▶ PROBLEM REQUIREMENTS
Reproduce the whole listing that follows, character for character, and drop the images.

SUPPLIED MATERIAL section start

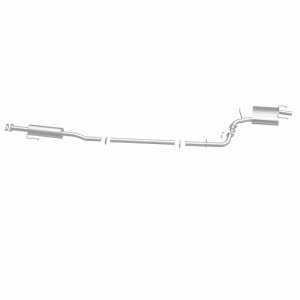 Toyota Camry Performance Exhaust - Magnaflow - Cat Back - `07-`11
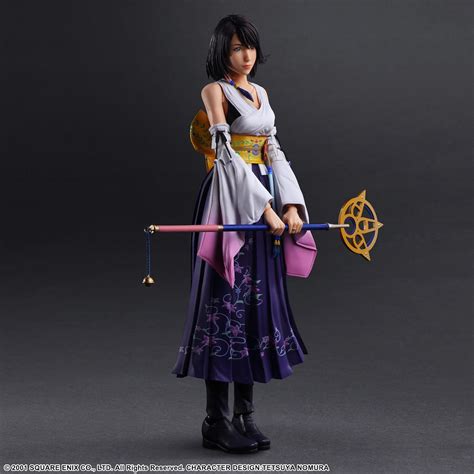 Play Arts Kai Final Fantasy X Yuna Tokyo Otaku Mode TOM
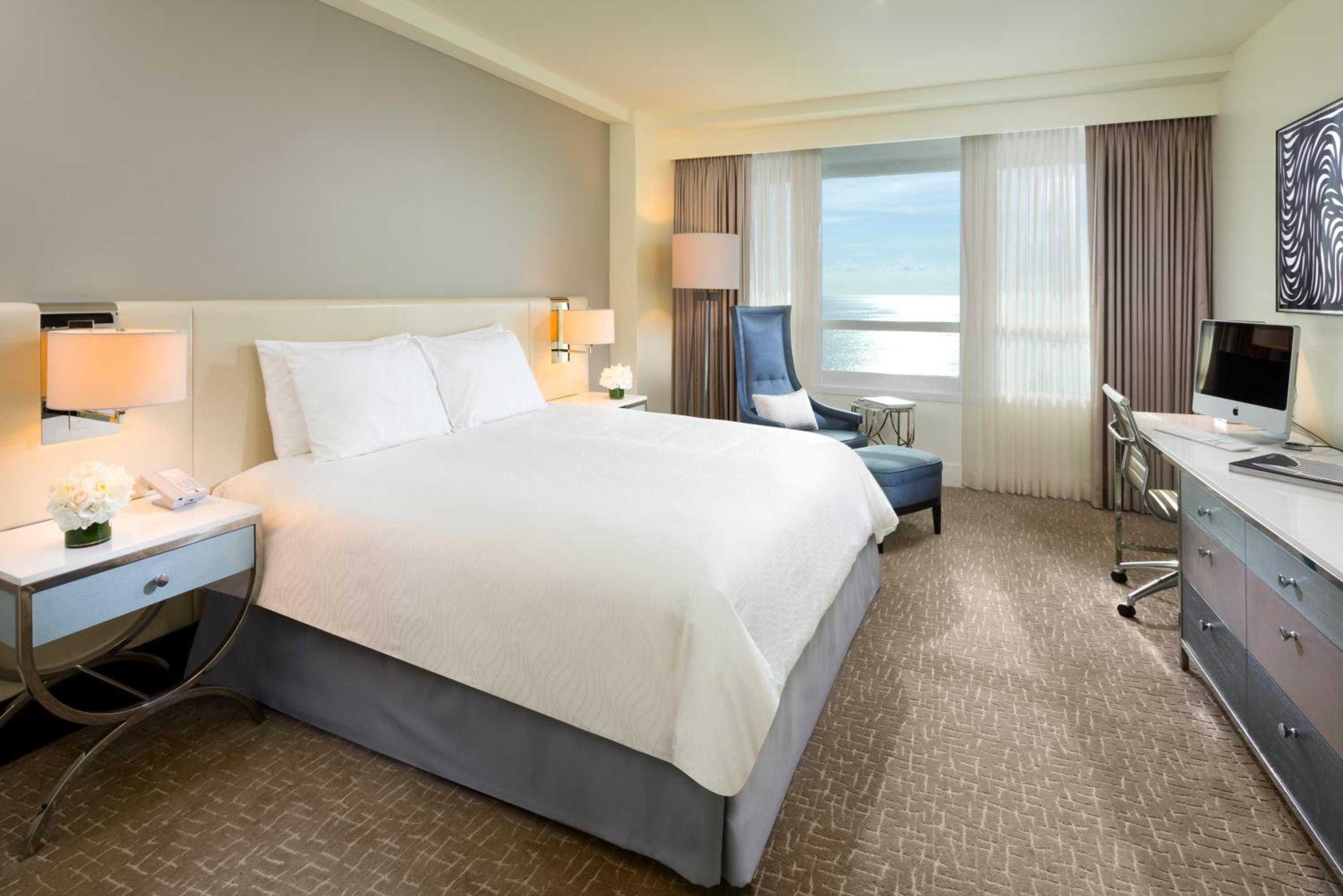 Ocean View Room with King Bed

SUPPLIED MATERIAL section end

▶ RESULT
 Toyota Camry Performance Exhaust - Magnaflow - Cat Back - `07-`11
 Play Arts Kai Final Fantasy X Yuna Tokyo Otaku Mode TOM
 Ocean View Room with King Bed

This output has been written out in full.